— Task statement —
Everything below from the line with "Sualtında şnorkelle yüzen" through the line with "3 kişilik 'çağrı" must be retyped exactly, except the pictures.
BEGIN Data provided
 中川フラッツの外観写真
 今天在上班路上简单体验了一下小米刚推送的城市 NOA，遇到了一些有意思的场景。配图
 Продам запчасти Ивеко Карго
END Data provided
BEGIN Data provided
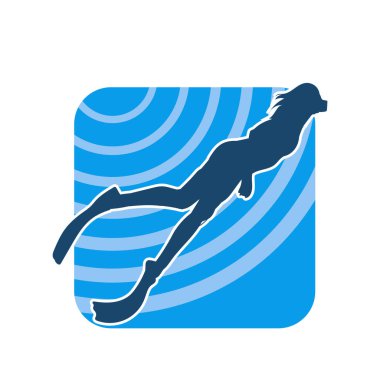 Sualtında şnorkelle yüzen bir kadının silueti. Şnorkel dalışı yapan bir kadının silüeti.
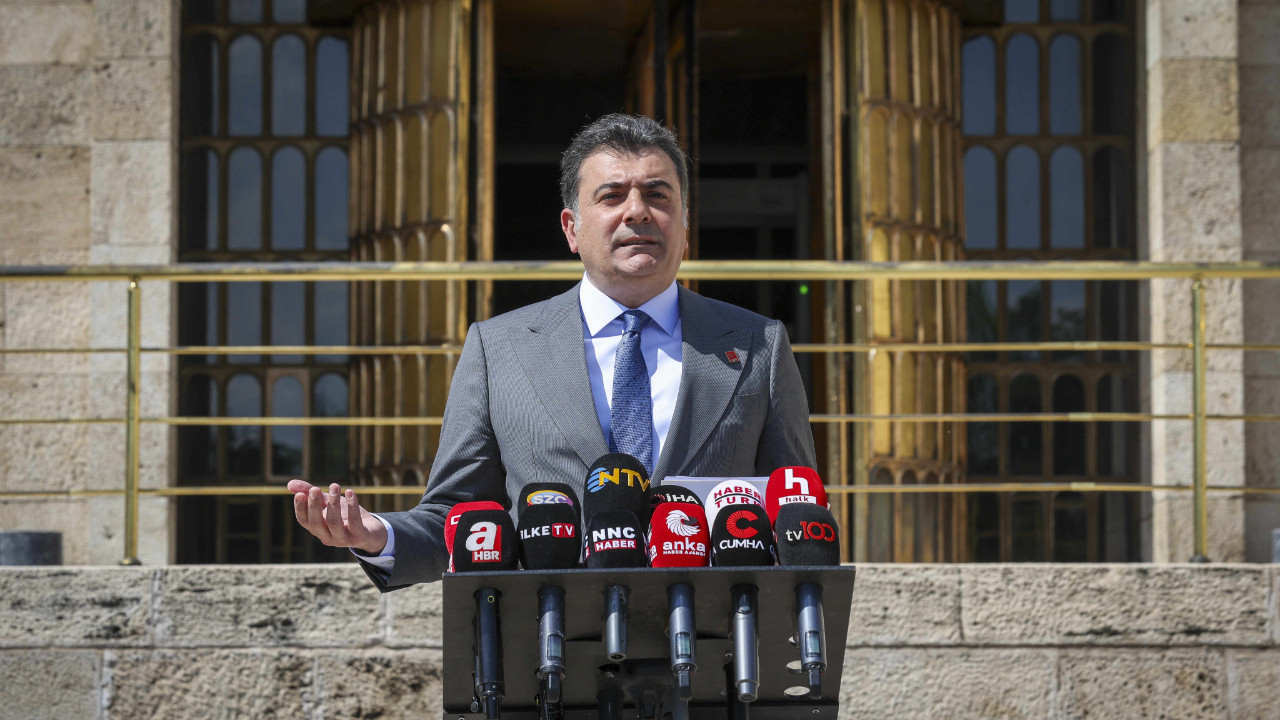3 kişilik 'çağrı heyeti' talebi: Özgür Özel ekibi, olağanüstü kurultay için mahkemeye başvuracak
END Data provided
— Output for this task —
 Sualtında şnorkelle yüzen bir kadının silueti. Şnorkel dalışı yapan bir kadının silüeti.
3 kişilik 'çağrı heyeti' talebi: Özgür Özel ekibi, olağanüstü kurultay için mahkemeye başvuracak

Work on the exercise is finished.